For the fifth time this year, a US Navy warship of the 7th fleet collided with another boat in the Pacific. On Saturday, the USS Benfold slammed into a Japanese tugboat when the vessel lost propulsion and drifted into the US warship. The incident took place in the Sagami Bay (which lies south of Kanagawa Prefecture in Honshu, Central Japan).
Though damage to the USS Benfold, a guided-missile destroyer ship, was minimal (it suffered only minor scrapes on its sides and could remain in the water autonomously powered), it is the reputational damage of the 7th fleet that has more people worried.
In a string of mishaps over the summer, some 17 sailors drowned in accidents that the Navy, after investigation, claims could have been averted.

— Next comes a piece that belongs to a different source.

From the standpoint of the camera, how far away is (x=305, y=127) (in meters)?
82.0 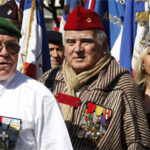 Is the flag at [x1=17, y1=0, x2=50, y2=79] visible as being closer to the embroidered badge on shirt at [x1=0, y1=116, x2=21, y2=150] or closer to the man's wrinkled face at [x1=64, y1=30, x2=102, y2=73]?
the man's wrinkled face at [x1=64, y1=30, x2=102, y2=73]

In August of this year, the USS John S. McCain slammed into a commercial boat just off the coast of Singapore. The accident, where the US destroyer was hit by the Alnic MC in the busy approaches to the Singapore Strait, killed 10 US sailors and took the warship out of commission.

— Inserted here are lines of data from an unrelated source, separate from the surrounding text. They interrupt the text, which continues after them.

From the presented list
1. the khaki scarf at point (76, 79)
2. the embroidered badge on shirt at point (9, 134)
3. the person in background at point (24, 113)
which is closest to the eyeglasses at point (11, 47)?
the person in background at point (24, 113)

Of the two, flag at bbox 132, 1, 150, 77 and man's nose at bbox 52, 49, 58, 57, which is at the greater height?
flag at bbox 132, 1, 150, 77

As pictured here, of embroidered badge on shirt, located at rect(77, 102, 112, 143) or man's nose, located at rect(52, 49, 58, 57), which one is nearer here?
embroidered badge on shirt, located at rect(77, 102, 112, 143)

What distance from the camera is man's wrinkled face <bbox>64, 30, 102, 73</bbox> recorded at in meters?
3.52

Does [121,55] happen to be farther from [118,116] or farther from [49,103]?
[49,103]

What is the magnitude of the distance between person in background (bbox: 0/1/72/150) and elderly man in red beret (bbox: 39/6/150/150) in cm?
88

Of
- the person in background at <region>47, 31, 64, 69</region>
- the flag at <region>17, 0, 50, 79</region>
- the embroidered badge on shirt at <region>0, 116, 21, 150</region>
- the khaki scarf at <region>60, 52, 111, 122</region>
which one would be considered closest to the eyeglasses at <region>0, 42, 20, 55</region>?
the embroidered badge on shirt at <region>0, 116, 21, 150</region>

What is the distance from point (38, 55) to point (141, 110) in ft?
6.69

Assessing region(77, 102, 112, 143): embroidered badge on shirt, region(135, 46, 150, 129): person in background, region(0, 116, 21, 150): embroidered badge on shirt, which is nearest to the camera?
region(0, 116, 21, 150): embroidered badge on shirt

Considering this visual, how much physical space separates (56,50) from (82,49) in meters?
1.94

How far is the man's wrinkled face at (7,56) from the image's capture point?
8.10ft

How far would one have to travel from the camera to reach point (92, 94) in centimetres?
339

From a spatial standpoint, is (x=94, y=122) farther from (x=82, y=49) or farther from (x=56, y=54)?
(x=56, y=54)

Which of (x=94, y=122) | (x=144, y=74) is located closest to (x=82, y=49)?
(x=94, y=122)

Because of the deadly collision with the oil tanker, the Navy fired both commanding officers of the USS John S. McCain afterwards, stating: “While the investigation is ongoing, it is evident the collision was preventable, the commanding officer exercised poor judgment, and the executive officer exercised poor leadership of the ship’s training program.”

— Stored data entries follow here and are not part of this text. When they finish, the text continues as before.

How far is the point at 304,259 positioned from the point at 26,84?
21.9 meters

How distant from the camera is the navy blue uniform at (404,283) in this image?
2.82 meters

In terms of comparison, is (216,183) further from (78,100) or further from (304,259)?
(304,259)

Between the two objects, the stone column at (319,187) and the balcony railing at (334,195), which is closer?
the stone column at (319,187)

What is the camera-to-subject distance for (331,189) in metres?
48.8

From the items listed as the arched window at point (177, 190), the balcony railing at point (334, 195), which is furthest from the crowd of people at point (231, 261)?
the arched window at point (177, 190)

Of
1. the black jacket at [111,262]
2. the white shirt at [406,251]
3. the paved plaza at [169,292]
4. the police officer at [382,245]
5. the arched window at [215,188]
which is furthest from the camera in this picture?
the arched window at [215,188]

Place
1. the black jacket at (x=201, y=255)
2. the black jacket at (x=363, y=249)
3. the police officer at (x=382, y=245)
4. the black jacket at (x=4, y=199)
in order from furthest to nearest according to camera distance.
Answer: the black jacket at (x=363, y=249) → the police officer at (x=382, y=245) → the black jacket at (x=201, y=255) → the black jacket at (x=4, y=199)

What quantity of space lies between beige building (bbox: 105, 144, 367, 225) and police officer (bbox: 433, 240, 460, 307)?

And in June, another US destroyer, the USS Fitzgerald, was struck by the container ship ACX Crystal in the approaches to Tokyo Bay, during which 7 sailors died when they became trapped and drowned in one of the flooded berthing compartments.
Afterwards, the Navy concluded to relieve the Fitzgerald’s Captain, Executive Officer, and senior enlisted leader of their positions for a “loss of confidence” in their ability to lead. The crew members that tried to save their drowning comrades, on the other hand, were praised.